As I had feared, the batteries in the scout camera were tapped out and this meant whatever was on the memory card was lost. I should have replaced them on my last visit, but didn't have batteries with me at the time. Replaced the batteries and moved the camera about 20 feet from where I had it set up, now facing north instead of east. Part of my motivation was to get the camera facing more open terrain, and partly because there were fisher tracks on either side of where the camera had been located but not close enough to trigger it. The new location is closer to one of these sets of tracks, we'll see if the fisher returns to the same area.

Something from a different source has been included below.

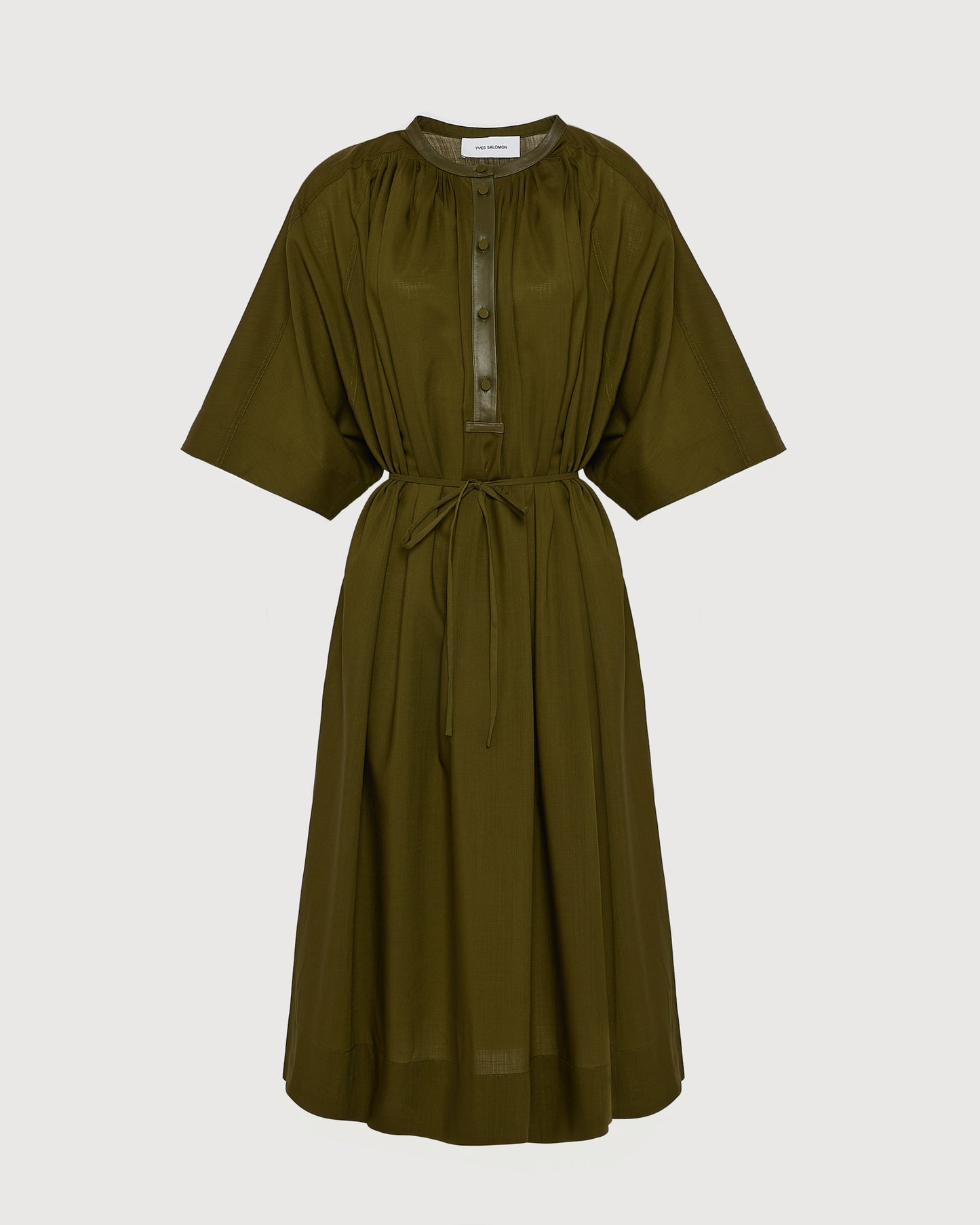Robe kaftan en voile de laine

Before even entering the woods the deer tracks were hard to miss:
These were on the edge of the parking lot
As expected, the woods were crisscrossed with deer tracks, although they were more random and spread out than I thought. One set had a hiker's footprints running alongside, as well as pawprints of the dog that was with the person checking out the deer tracks:
deer in the middle, human on the left
x marks the Spot (or Fido)
I figured there would be impressions from where the deer had slept, i.e. deer beds. I found eight in total, five of them clustered together. All but one were in the low flat swampy area, relatively exposed compared to some of their other options nearby which was surprising. Since the snow is only a day old, I have to assume there are at least eight deer who slept here last night.
head at the bottom, urine stain in upper right
note where rear legs made their impression, lower left
I also saw some tracks that I think are fisher, identified more by gait pattern than by any fine details of footprint, which were difficult to discern anyway:
EDIT: Dan Foster saw these and thinks they were left by something else, prints too small for a fisher. Perhaps a fox on the run.
camera is now set up near here
Finally, this mouse's track followed a meandering path and could be followed for a surprising length before disappearing under a tree trunk. Near-perfect snow conditions for capturing its tracks:
No ticks to speak of, one would hope they're hibernating under the snow pack. YTD total remains 19.